A good example from March 2024 alone is the recent campaign that has taken off among French populists that the sanctions against Russia are harming Europe more than Russia, which is demonstrably false. Mainstream media also plays its part directly. Tucker Carlson’s interview with President Putin has been viewed millions of times, whilst prime viewing time is afforded to Russian propagandists like Alexander Dugin. While his influence in Russia itself is minimal, the benefits to the strategy for Russia are significant. Vladimir Putin doesn’t have to lift a finger. Once a false narrative reaches critical mass through social or mainstream media, the West does all the work for him.

Inside the Institutions

So that’s the outside approach. The inside approach, however, might be the most sinister of them all. How does Russia control the narrative from inside the very institutions that it’s trying to undermine? Putin’s goal of destabilizing and undermining Western institutions has gone on long before Russia’s annexation of Crimea in 2014. Since that time, an infiltration campaign of pro-Russian actors across the world has sought to do just that. Western charities, academia, political parties, legal professionals, and more are now majorly influenced by Russian infiltration campaigns.

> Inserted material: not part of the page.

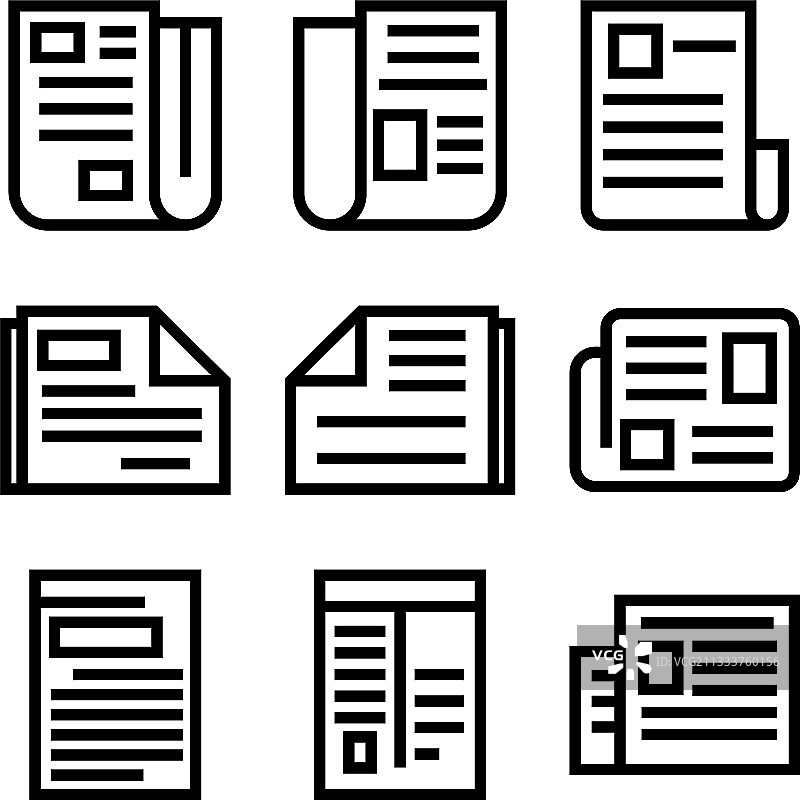 报纸图标或标志图片素材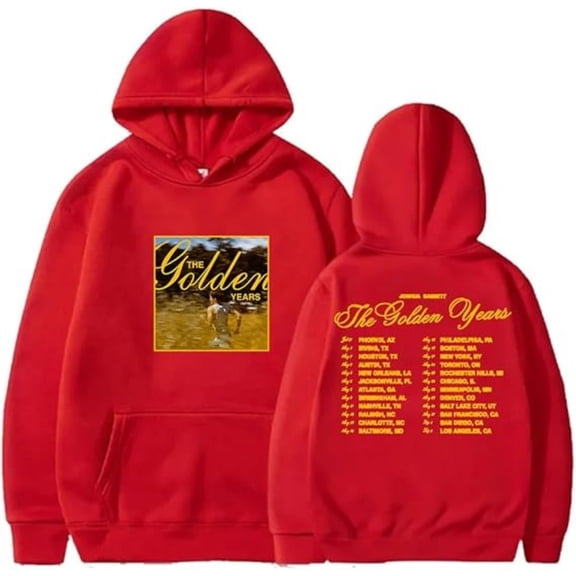 Joshua Bassett The Golden Years Tour Merch Hoodies Women Men Long Sleeve Casual Sweatshirt Fashion Clothes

We are all aware of the 2016 US presidential election and the interference Russia was purported to have had. The reality is, Moscow’s manipulation and infiltration have spread globally, having sought to influence other nations through payment, threats, and spying. One example is Jan Marsalek, the Austrian former COO of the now-defunct payment processing company Wirecard, who at one stage was interested in purchasing Deutsche Bank. He was revealed to be a Russian spy and is now an international fugitive. He was reportedly recruited by the FSB in 2014.

Evgeny Lebedev, who sits in the British House of Lords, has a father who is a former KGB agent. Lebedev met then-Foreign Secretary and eventual Prime Minister Boris Johnson in 2018. Lebedev has a 1% attendance record in the Lords and spends his time rubbing shoulders with high society Britain as the owner of the Evening Standard and an investor in The Independent, two of the biggest publications in the UK. After his peerage, he stated, “Is it not remarkable that the son of a KGB agent and a first-generation immigrant of this country has become such an assimilated and contributing member of British society? What a success for our system, don’t you think?” It makes you wonder whose system he was really referring to. Lebedev vehemently denies any links to the Putin regime.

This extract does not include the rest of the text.